Support: Bluray
J’avais bien aimé The Lobster, mais ne peut nier la torpeur dans laquelle il m’avait plongé, trop précieux pour pas grand chose. The Favorite m’avait plutôt emballé, plus terre à terre mais mieux rythmé. Je me lançais donc dans Poor Things avec une curiosité certaine, mais sans emballement particulier. Mais Yórgos Lánthimos a enfin su m’embarquer dans une vision du cinéma à laquelle j’adhère pleinement, mariant un discours un tantinet démonstratif mais brillamment mené avec une recherche esthétique initialement inquiétante qui finit cependant par me conquérir.

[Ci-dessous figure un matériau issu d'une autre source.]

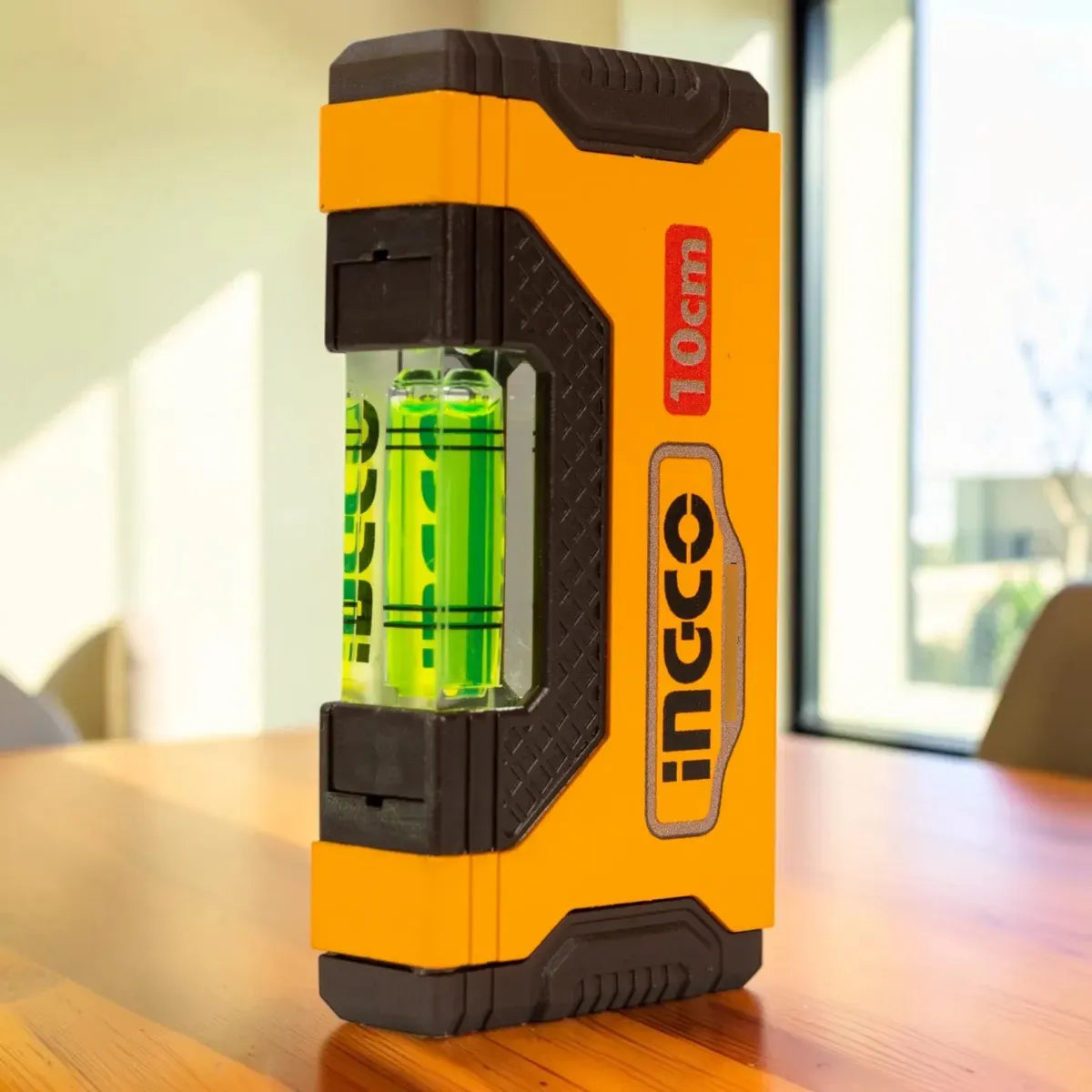 Nivel Láser Autonivelante 35m Y De Burbuja Con Navaja Ingco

L’histoire est celle d’une créature de Frankenstein inversée, une femme sortie de l’esprit d’un scientifique fou (mais ô combien pragmatique) dotée d’un corps adulte mais de l’esprit d’un poupon. Elle va devoir apprendre la vie, mais son artificialité ne la soumet pas aux entraves du conditionnement social. Elle est donc libre de s'épanouir en toute indépendance du regard que pourrait lui porter la société, et d’apprendre le monde autant qu’elle s’apprend elle-même. Tour à tour puérile et violente, adolescente et à la libido débordante, assagie et en quête de sens profond, elle effraie par son dédain des normes et de la convenance plutôt que par son physique, qui lui attire le regard libidineux de bien des hommes. Poor Things est une fable sur la découverte, un Candide à l’écran.

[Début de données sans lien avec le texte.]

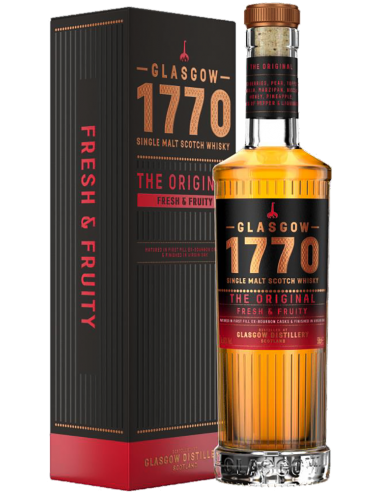 Whisky - Single Malt Scotch Whisky 'The Original' (500 ml. astuccio) - 1770 Glasgow - 1770 Glasgow - 1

On nous entraîne donc Londres à Lisbonne, en passant par la Méditerranée et Paris, dans un roadtrip fantasmagorique où les personnages rencontrés seront autant de facettes du vivre que Bella doit conscientiser. La naïveté originelle se nuance par le sexe, tantôt enjoué, tantôt dédaigneux, l’appréhension des maux qui régissent l’humanité, le questionnement philosophique de ce que cela signifie d’être. Bella passe d’un être ahuri à une figure raisonnée accomplie, une destinée similaire à celle du personnage éponyme du roman Des Fleurs pour Algernon, sans le rabougrissement intellectuel tragique.
Ce Voyage en Absurdie fonctionne d’autant plus qu’il s’accompagne du jeu formidable des acteurs. Emma Stone suit l’évolution mentale et morale de son héroïne à la perfection, tandis que Mark Ruffalo se révèle génial en dandy bouffon, perdant ses moyens face à une femme qu’il ne comprend pas. Defoe quant à lui, grimé comme le monstre du roman de Mary Shelley, surprend sans cesse par les motivations qui le poussent, plus issues d’une curiosité scientifique que de l’empathie initialement perçue. Tous se concordent pour procurer des moments hilarants dans les dialogues et les gestes, décalés et inattendus.
Lánthimos accompagne son récit de visuels en carton pâte et en CGI nébuleuse, en angles de caméra incongrus, en objectifs déformants, et en colorimétries qui noient la cornée dans les effets déstabilisants. Se crée alors un hybride de Wes Anderson et Jeunet-Caro, qui, s’il agace au premier abord, finit par être accepté et appuie l’immersion dans l’étrange. La musique de Jerskin Fendrix, expérimentale à souhait, subvertit ou amplifie l’émotion des scènes par son abstraction. C’est sans doute ces choix qui sont les plus clivant, tant ils semblent ne rien apporter d’autre qu’une ambiance à laquelle on accrochera ou non.
Poor Things a su m’embarquer dans sa bizarrerie, me faisant rire à gorge déployée (ce qui est somme toute très rare), m’immergeant dans son périple visuel et philosophique, et me rendant beaucoup plus enclin à laisser une chance aux autres œuvres de son auteur, quand bien même celles-ci sont à priori d’un autre ton. Une expérience mémorable et enlevée que je ne manquerais pas de revivre un beau jour.